Peres told Arab officials at a World Economic Forum panel discussion that Israel would make a counteroffer to the peace blueprint first adopted in 2002, AFP reported. But he gave no firm time frame for the counterproposal, drawing questions from Arab League chief Amr Musa about the Israeli government’s seriousness. “The Arab League has proposed. Fine. We shall make a counterproposal,” AFP quoted Peres as saying at the Dead Sea.

“Let’s sit together, air out our differences. If you are serious and we are serious, let’s sit together.”

The Arab Peace Initiative offers Israel normal ties in return for a full withdrawal from territories occupied in 1967, the establishment of an independent Palestinian state and resolution of the refugee issue.

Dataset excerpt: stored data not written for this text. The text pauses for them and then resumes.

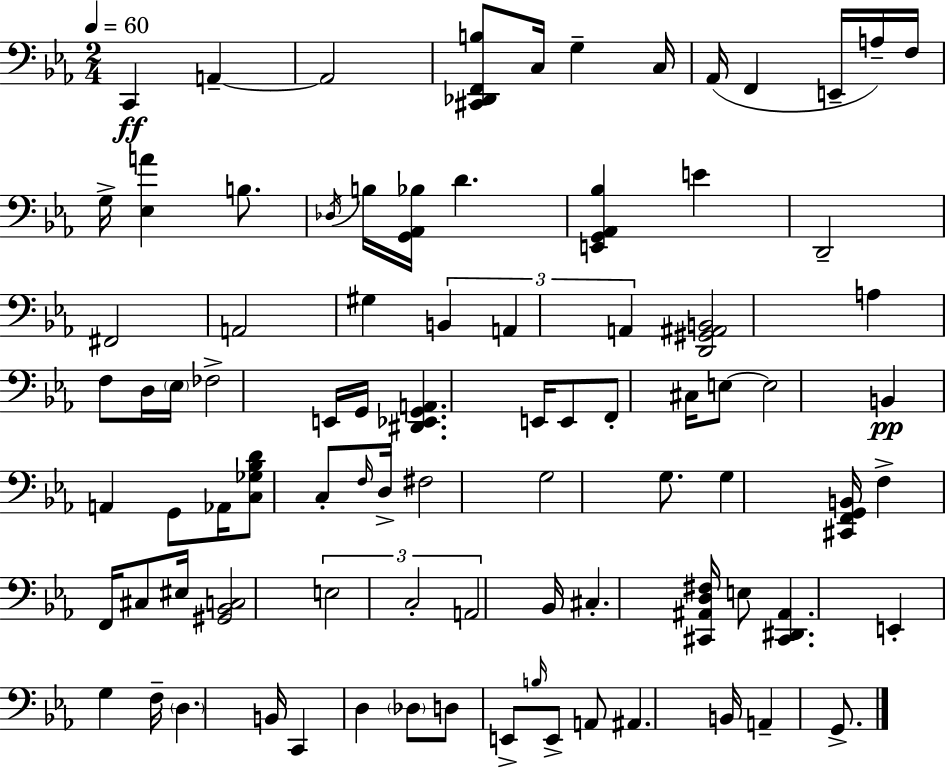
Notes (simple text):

C2/q A2/q A2/h [C#2,Db2,F2,B3]/e C3/s G3/q C3/s Ab2/s F2/q E2/s A3/s F3/s G3/s [Eb3,A4]/q B3/e. Db3/s B3/s [G2,Ab2,Bb3]/s D4/q. [E2,G2,Ab2,Bb3]/q E4/q D2/h F#2/h A2/h G#3/q B2/q A2/q A2/q [D2,G#2,A#2,B2]/h A3/q F3/e D3/s Eb3/s FES3/h E2/s G2/s [D#2,Eb2,G2,A2]/q. E2/s E2/e F2/e C#3/s E3/e E3/h B2/q A2/q G2/e Ab2/s [C3,Gb3,Bb3,D4]/e C3/e F3/s D3/s F#3/h G3/h G3/e. G3/q [C#2,F2,G2,B2]/s F3/q F2/s C#3/e EIS3/s [G#2,Bb2,C3]/h E3/h C3/h A2/h Bb2/s C#3/q. [C#2,A#2,D3,F#3]/s E3/e [C#2,D#2,A#2]/q. E2/q G3/q F3/s D3/q. B2/s C2/q D3/q Db3/e D3/e E2/e B3/s E2/e A2/e A#2/q. B2/s A2/q G2/e.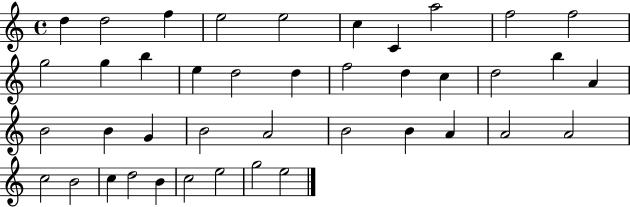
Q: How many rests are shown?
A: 0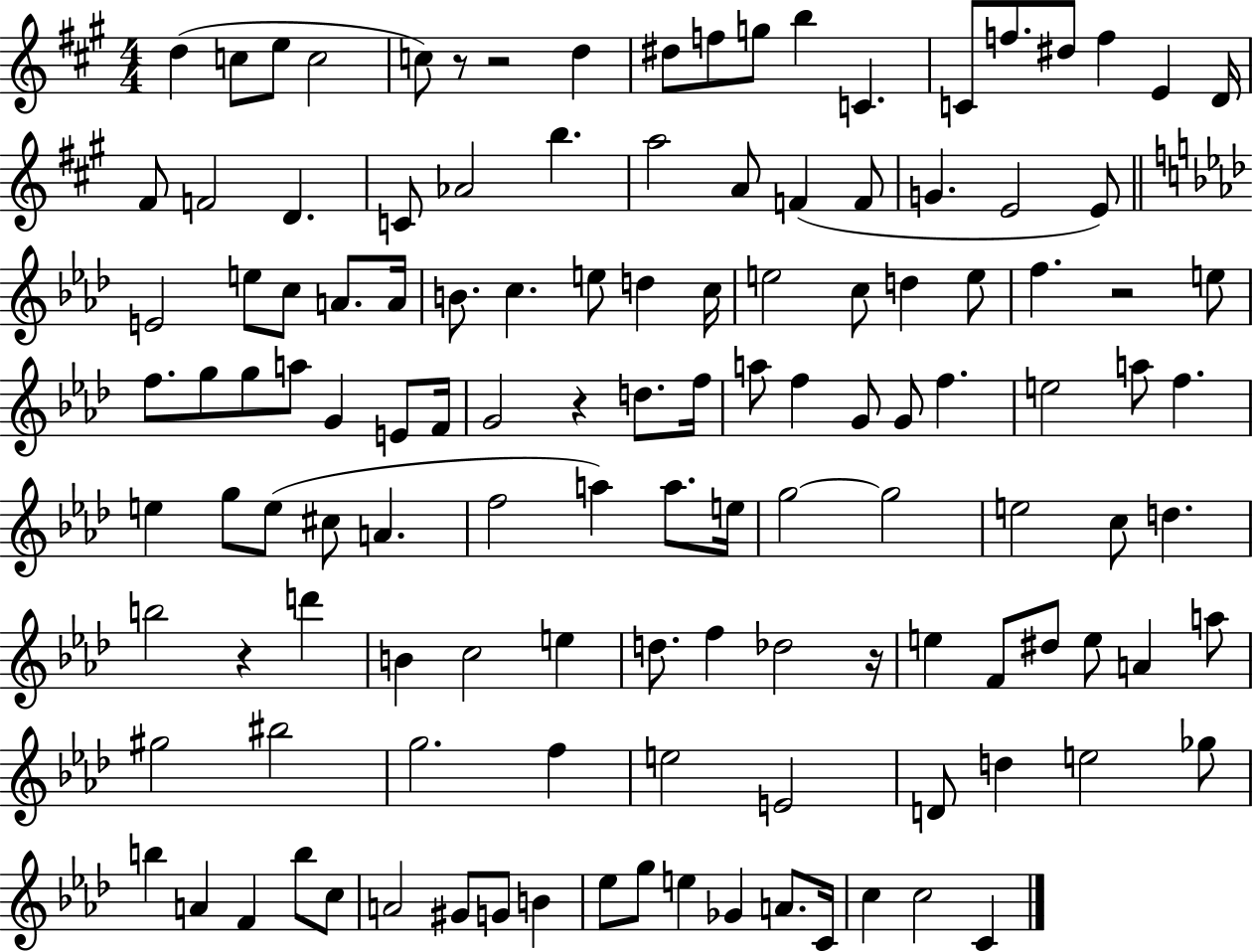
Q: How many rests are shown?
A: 6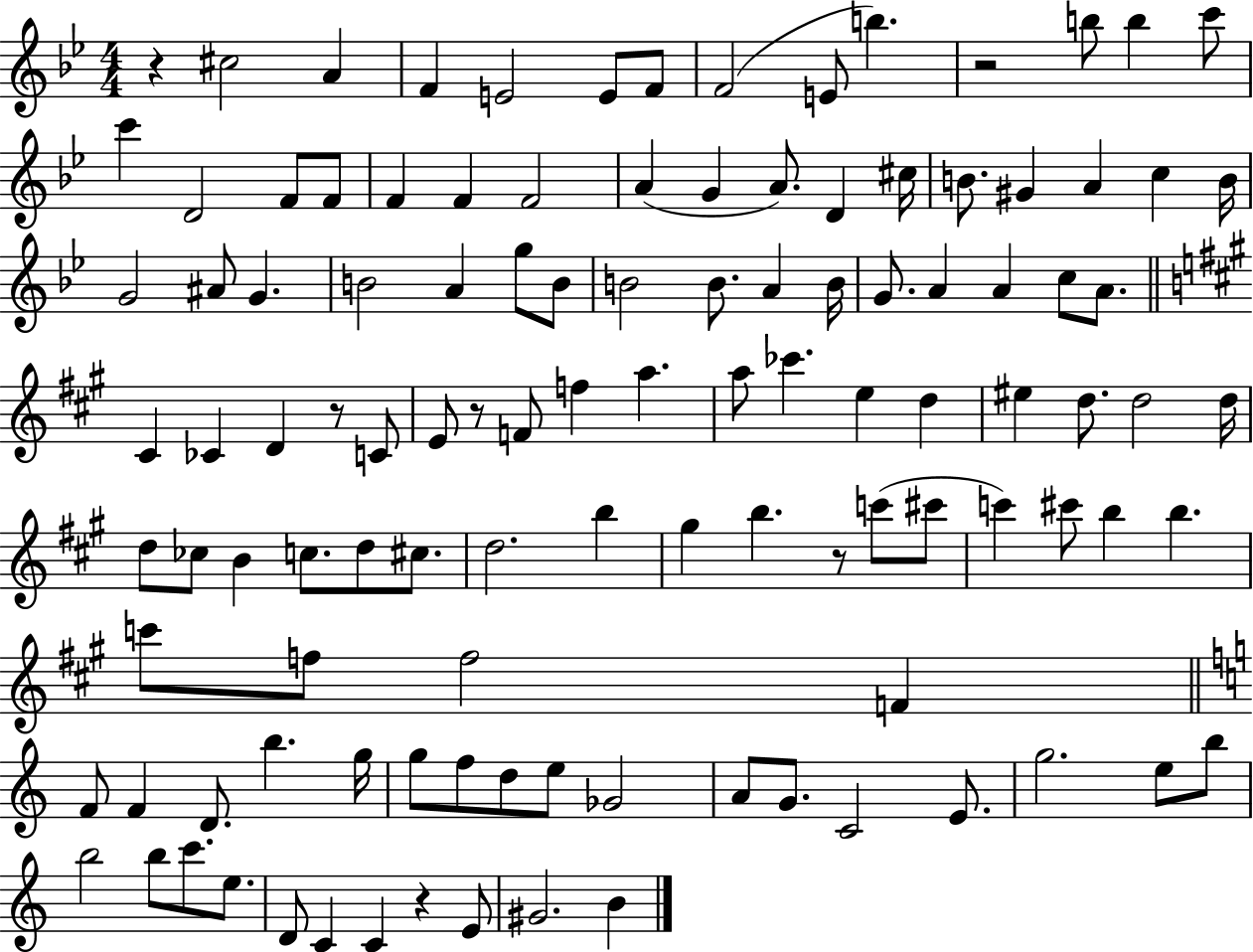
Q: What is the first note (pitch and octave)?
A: C#5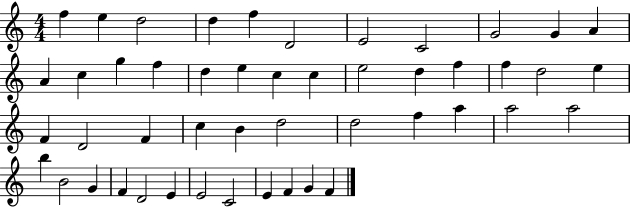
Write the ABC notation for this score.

X:1
T:Untitled
M:4/4
L:1/4
K:C
f e d2 d f D2 E2 C2 G2 G A A c g f d e c c e2 d f f d2 e F D2 F c B d2 d2 f a a2 a2 b B2 G F D2 E E2 C2 E F G F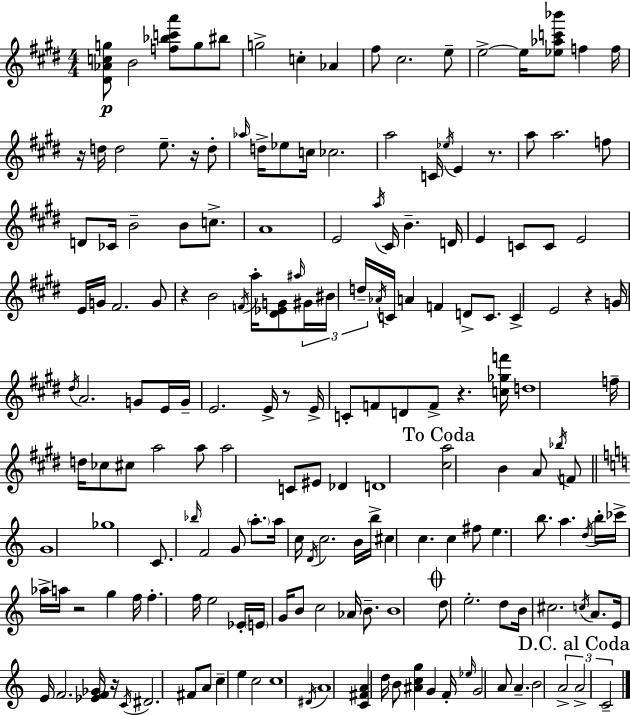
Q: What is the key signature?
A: E major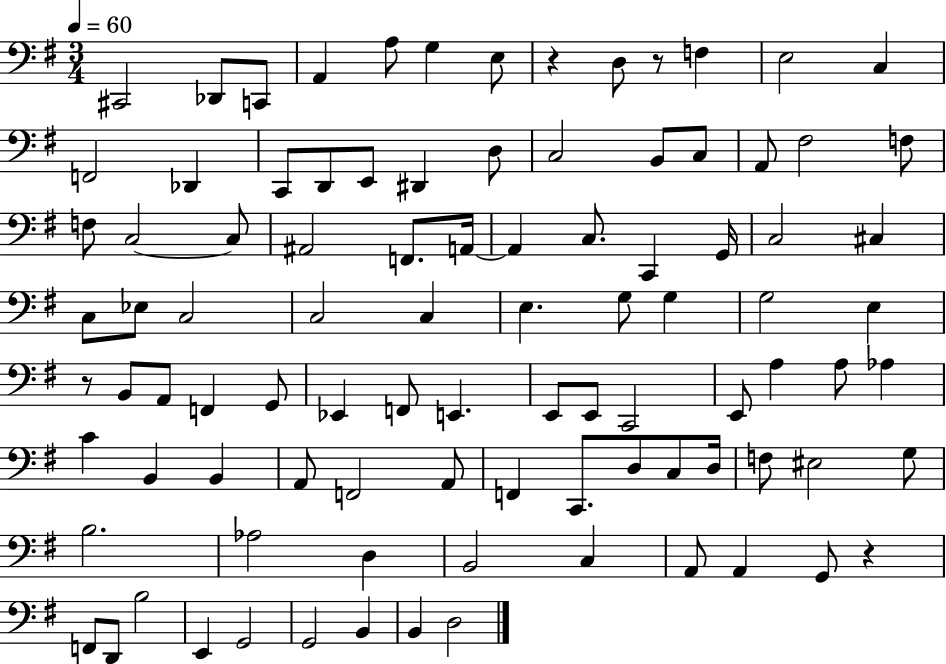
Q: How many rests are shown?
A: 4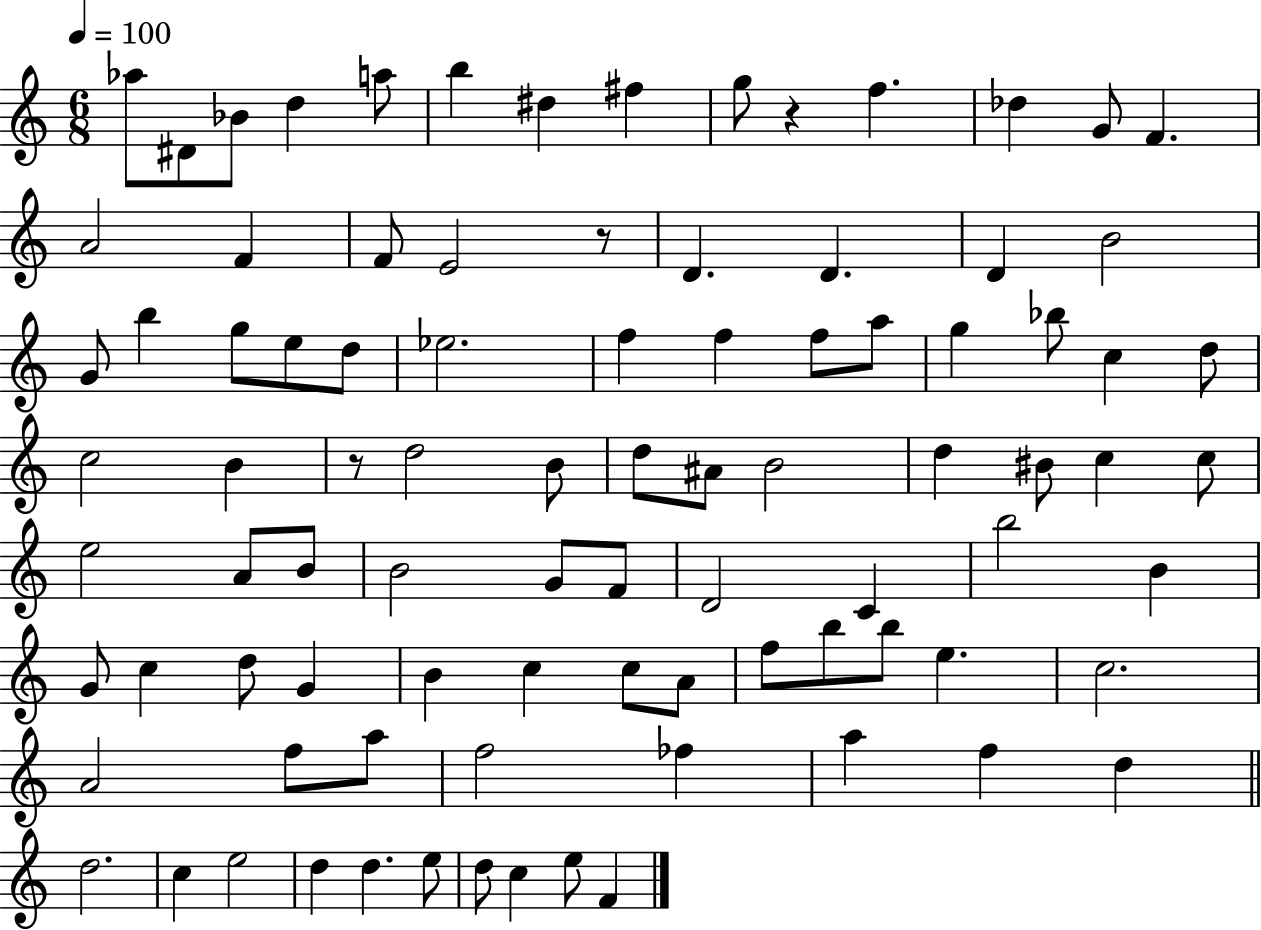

Israel rejected the blueprint when it was first unveiled, but has since warmed to the draft as a basis for negotiation, provided there are changes on the refugee issue.

“You must understand that you cannot send us a document and say — take it or leave it. It’s not done,” Peres said.

He said Israel would draw up a counterproposal “as soon as possible”, but despite repeated questioning declined to be more specific, according to AFP.

Musa said that if the Israeli government was genuine in its expressed readiness to discuss the peace plan, “we are all in business”.

On Friday, he dismissed as a mere “gimmick” repeated comments by Israeli Prime Minister Ehud Olmert that he is ready to meet Arab leaders to discuss the plan provided the talks are held without preconditions.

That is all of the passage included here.